▸ EXERCISE DIRECTIONS:
Take the lines below from the one with "2.4Ghz Remote Control" through the one with "Michael Kors Black" and retype them exactly. Include nothing else, and no pictures.

━━━ PROVIDED DATA ━━━

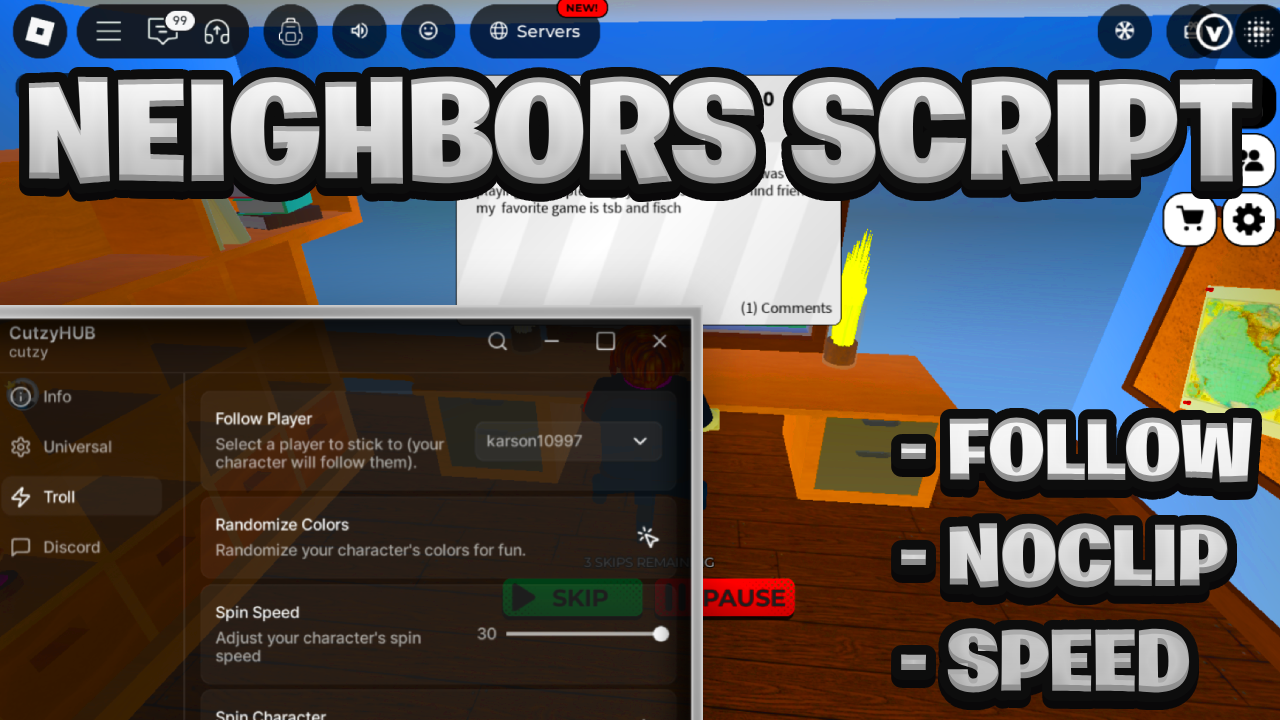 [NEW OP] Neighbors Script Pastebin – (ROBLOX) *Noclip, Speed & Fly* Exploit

━━━
━━━ PROVIDED DATA ━━━

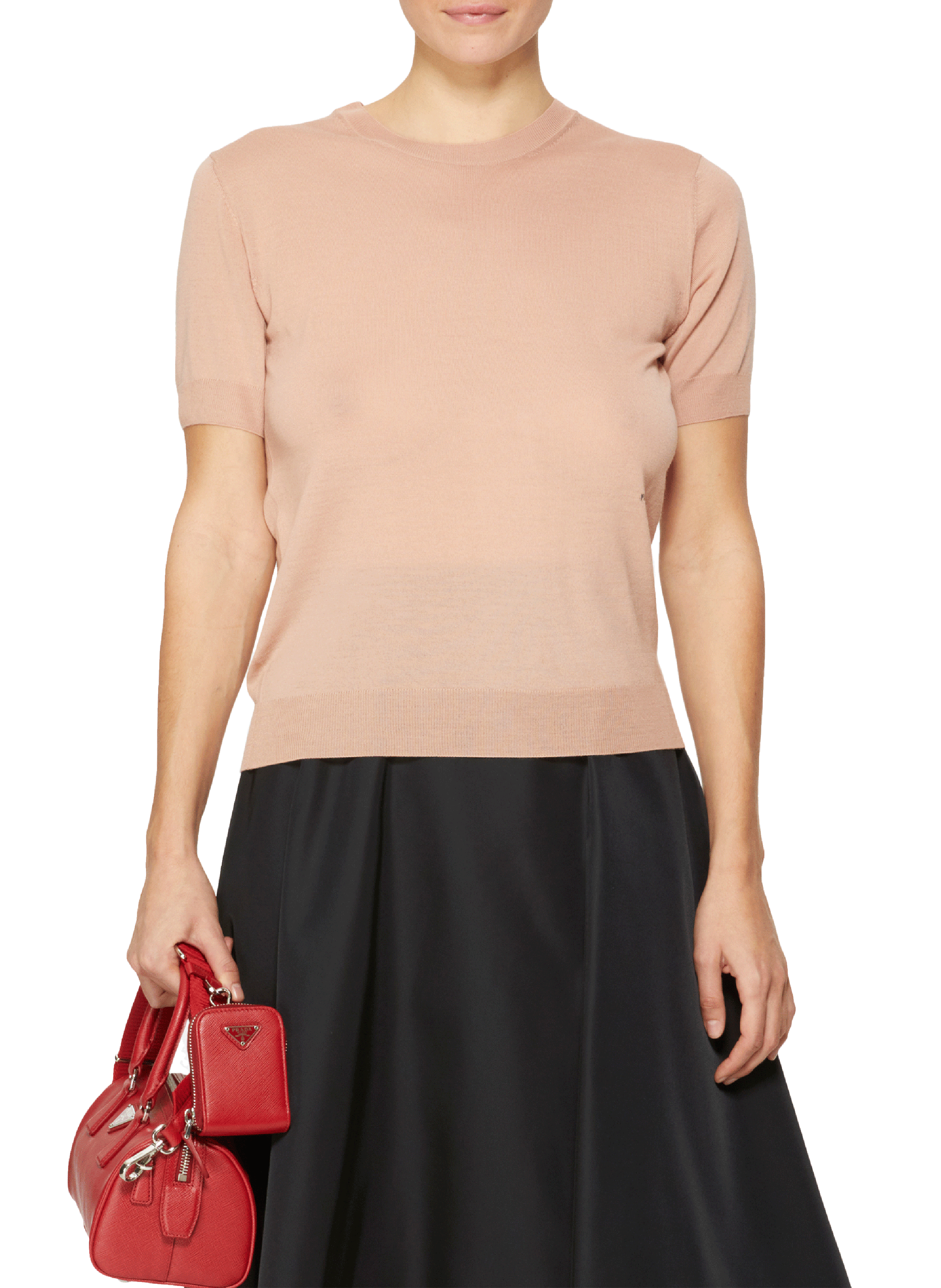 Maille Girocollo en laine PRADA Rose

━━━
━━━ PROVIDED DATA ━━━

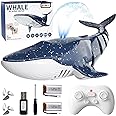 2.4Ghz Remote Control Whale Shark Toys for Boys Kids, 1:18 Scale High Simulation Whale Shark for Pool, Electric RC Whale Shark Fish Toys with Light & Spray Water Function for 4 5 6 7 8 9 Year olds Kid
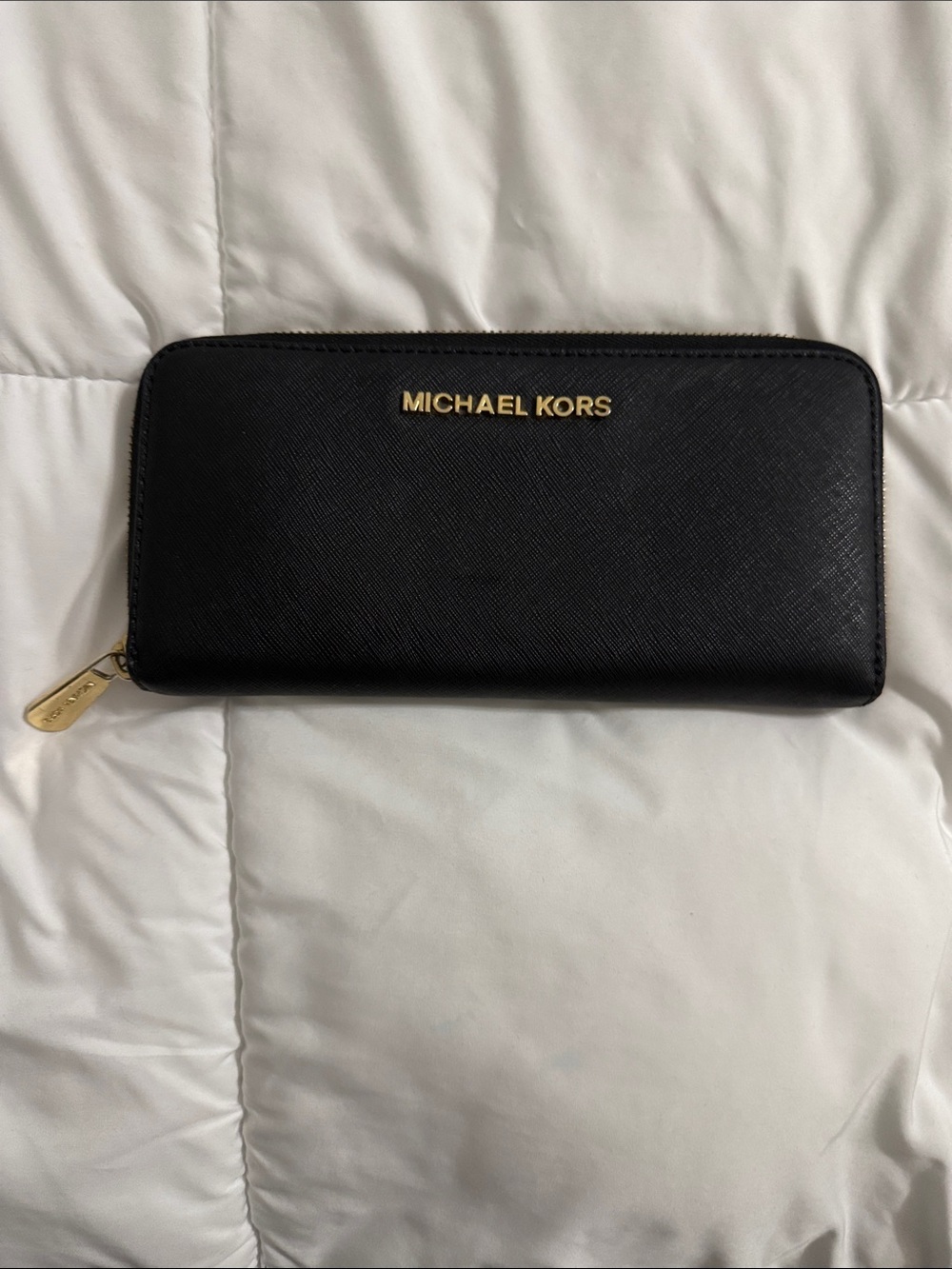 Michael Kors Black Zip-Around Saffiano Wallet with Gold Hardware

━━━

▸ FINISHED TASK:
 2.4Ghz Remote Control Whale Shark Toys for Boys Kids, 1:18 Scale High Simulation Whale Shark for Pool, Electric RC Whale Shark Fish Toys with Light & Spray Water Function for 4 5 6 7 8 9 Year olds Kid
 Michael Kors Black Zip-Around Saffiano Wallet with Gold Hardware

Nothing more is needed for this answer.